Please copy out the entries below exactly, beginning with the line that contains "Joie 100% Silk" and ending with the line that contains "Lunova 半线半链手链白金 - Redline - 0++", and include nothing outside that span.

──────── DATA EXCERPTS ────────

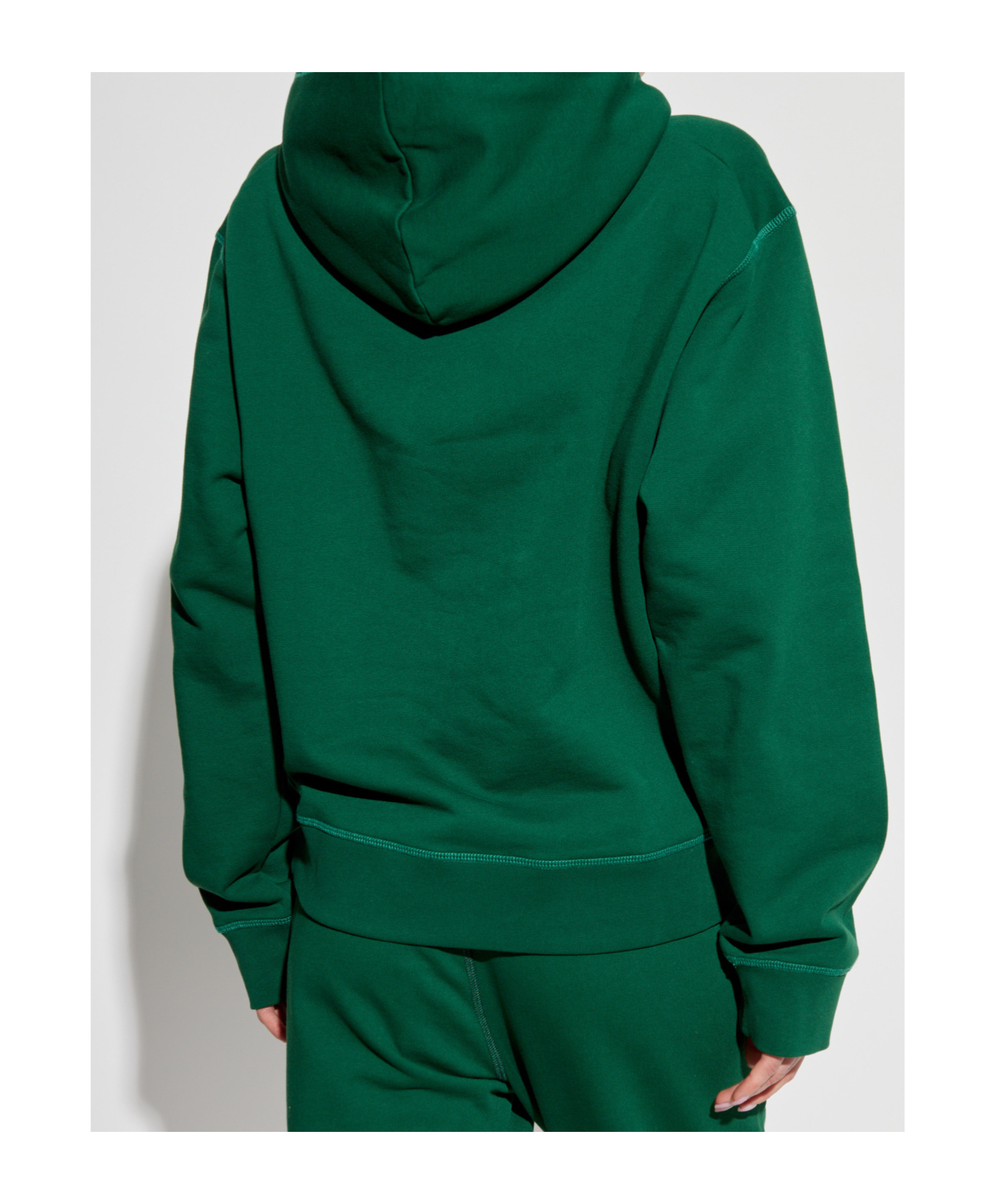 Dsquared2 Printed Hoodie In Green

────────
──────── DATA EXCERPTS ────────

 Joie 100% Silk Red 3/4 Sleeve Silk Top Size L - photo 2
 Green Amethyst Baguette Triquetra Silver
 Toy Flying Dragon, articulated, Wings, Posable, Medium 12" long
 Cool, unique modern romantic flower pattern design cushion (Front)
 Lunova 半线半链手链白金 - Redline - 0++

────────

THE ANSWER:
 Joie 100% Silk Red 3/4 Sleeve Silk Top Size L - photo 2
 Green Amethyst Baguette Triquetra Silver
 Toy Flying Dragon, articulated, Wings, Posable, Medium 12" long
 Cool, unique modern romantic flower pattern design cushion (Front)
 Lunova 半线半链手链白金 - Redline - 0++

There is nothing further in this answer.